Planned Parenthood’s Indispensable Role in Women’s Health
Image: “June 2009: Protect Women’s Health!” by ProgressOhio via Flickr / CC-BY-2.0.
Aggressive congressional hearings, fetal tissue sales, and possible government shutdowns have dominated the national conversation about Planned Parenthood since July, when the anti-abortion group Center for Medical Progress started releasing a series of heavily edited videos attacking Planned Parenthood’s fetal-tissue donation program. These videos have intensified the conservative attack on a medical procedure that has been legal in the United States since 1973.
These national conversations starkly contrast with my own personal conversations with friends about the organization, which have mostly consisted of casual mentions of appointments to pick up birth control and nervous musings over anticipated STI test results — efforts to curb unwanted pregnancy and protect one’s own, and therefore everyone’s, sexual health.
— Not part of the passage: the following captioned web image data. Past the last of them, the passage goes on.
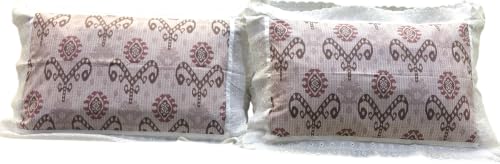 Image of VHC 100% Cotton Lace Pillow Cover /Case Set (Pack of 2)-Maroon (Nomadic Pink)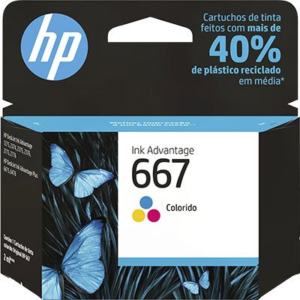 Cartucho Original HP 667 color
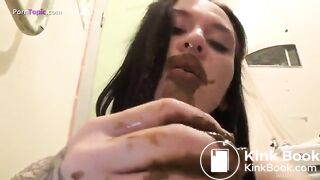 Eating her own shit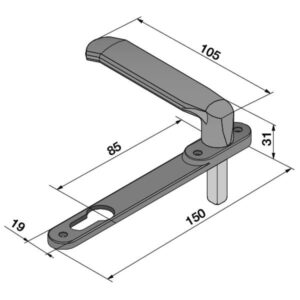 Maniglia Placca Nylon            086.00.04.0 Welka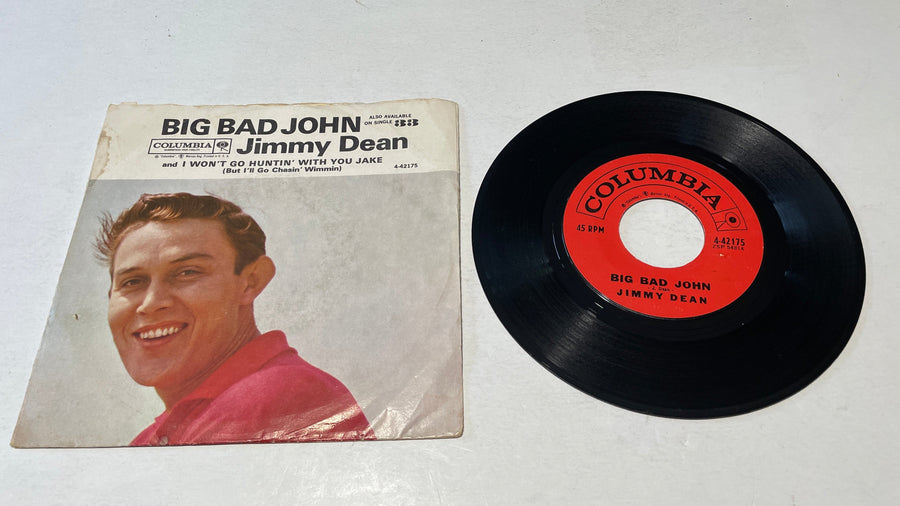 Jimmy Dean Big Bad John Used 45 RPM 7" Vinyl VG+\VG+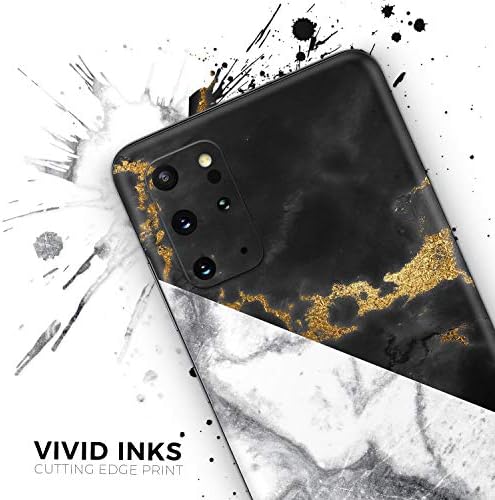 עיצוב Skinz Skinz לבן-שחור-שחור ודיגיטלי זהב דיגיטלי סכל V1 מגן דבקת ויניל עטיפת עור תואם לכיסוי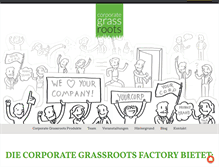 Tablet Screenshot of corporategrassroots.com
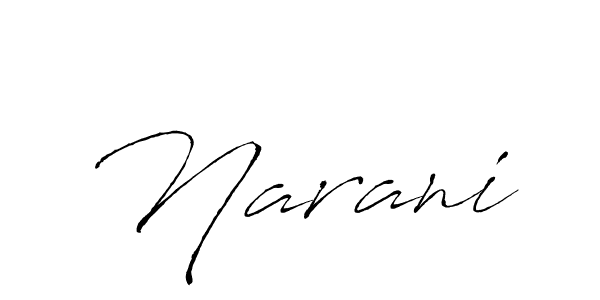 Design your own signature with our free online signature maker. With this signature software, you can create a handwritten (Antro_Vectra) signature for name Narani. Narani signature style 6 images and pictures png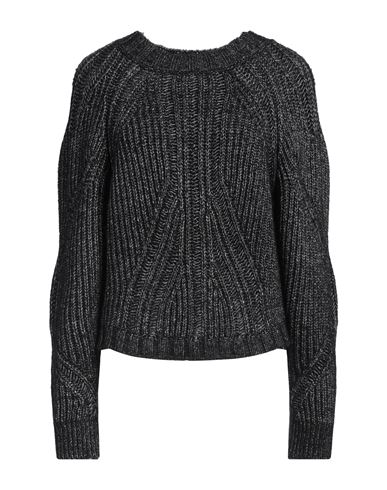 Alberta Ferretti Woman Sweater Black Size 6 Viscose, Wool, Polyester, Polyamide, Elastane In Black
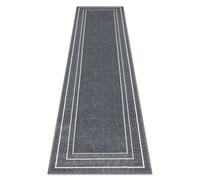 RugsX Allure Runner in Grey | Size: 80 cm x 250 cm RUGSX Grey 80 cm x 250 cm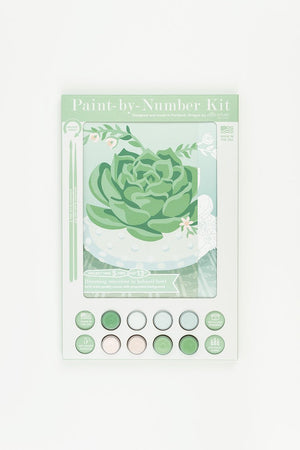 Blooming Succulent Paint-by-Number Kit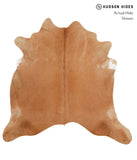 Solid Brown Cowhide Rug #31368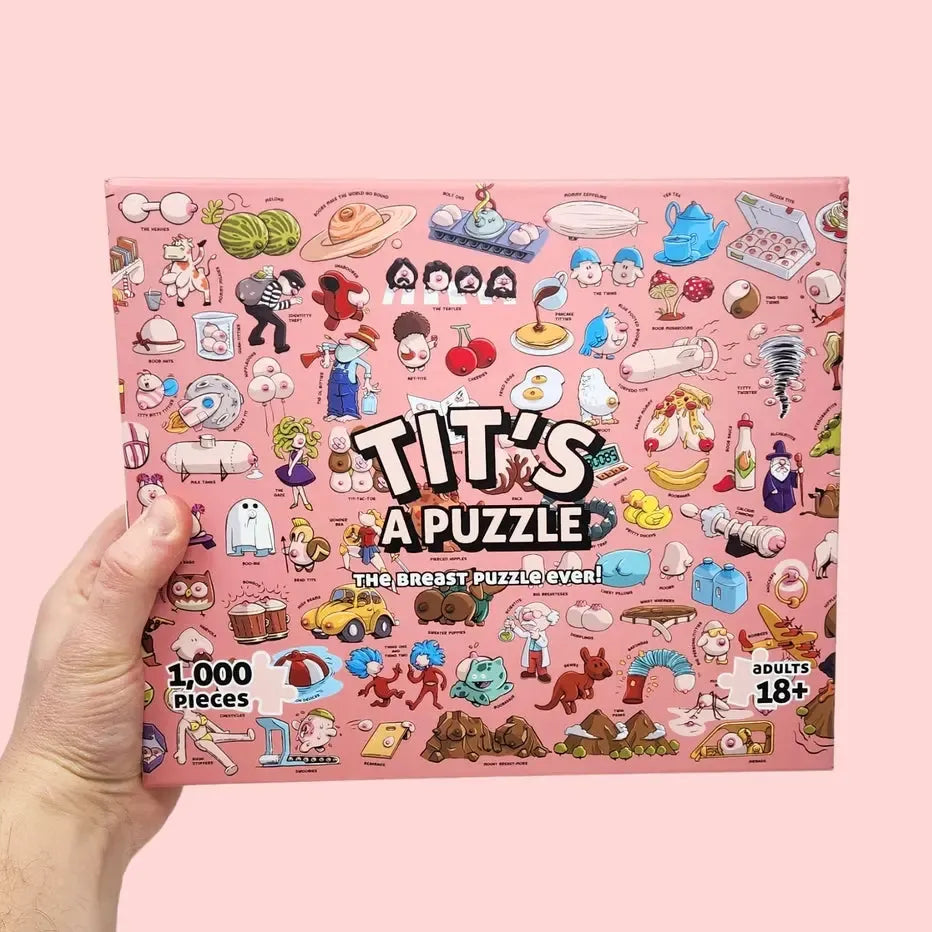 Tit&amp;#39;s a Puzzle 1000 Piece Jigsaw Puzzle Sleazy Greetings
The “defund Planned Parenthood” hysteria obscures the most common uses of Planned Parenthood, which are STI testing and pregnancy prevention. Abortions, which already cannot be paid for with federal dollars, only make up 3 percent of the services provided at Planned Parenthood, leaving a whopping 97 percent focused on prevention, testing, and treatment. According to their 2013-2014 annual report, STI testing and treatment make up the bulk of Planned Parenthood’s services at 42 percent, with contraception following at 34 percent and even cancer screening and prevention at 9 percent.
While Planned Parenthood is far from being the only reproductive health option for low-income patients, it is by far the most dominant, with its 700 nationwide offices servicing approximately 36 percent of low-income patients in 2010. An analysis by the Congressional Budget Office estimates that 5-25 percent of Medicare beneficiaries who use Planned Parenthood live in areas without alternative options for low-income patients. That means that if Planned Parenthood were defunded nationwide, anywhere from 135,000 to 675,000 patients would have nowhere to turn for birth control or STI tests and medication. It also means that thousands of women would have no way to exercise their right to choose to obtain a safe and legal abortion.
Every public organization can and should be subject to scrutiny to ensure that it remains ethical and is truly an asset to the community it serves, but a series of edited and misrepresented videos do not carry enough weight to counterbalance the important services Planned Parenthood provides to millions of women.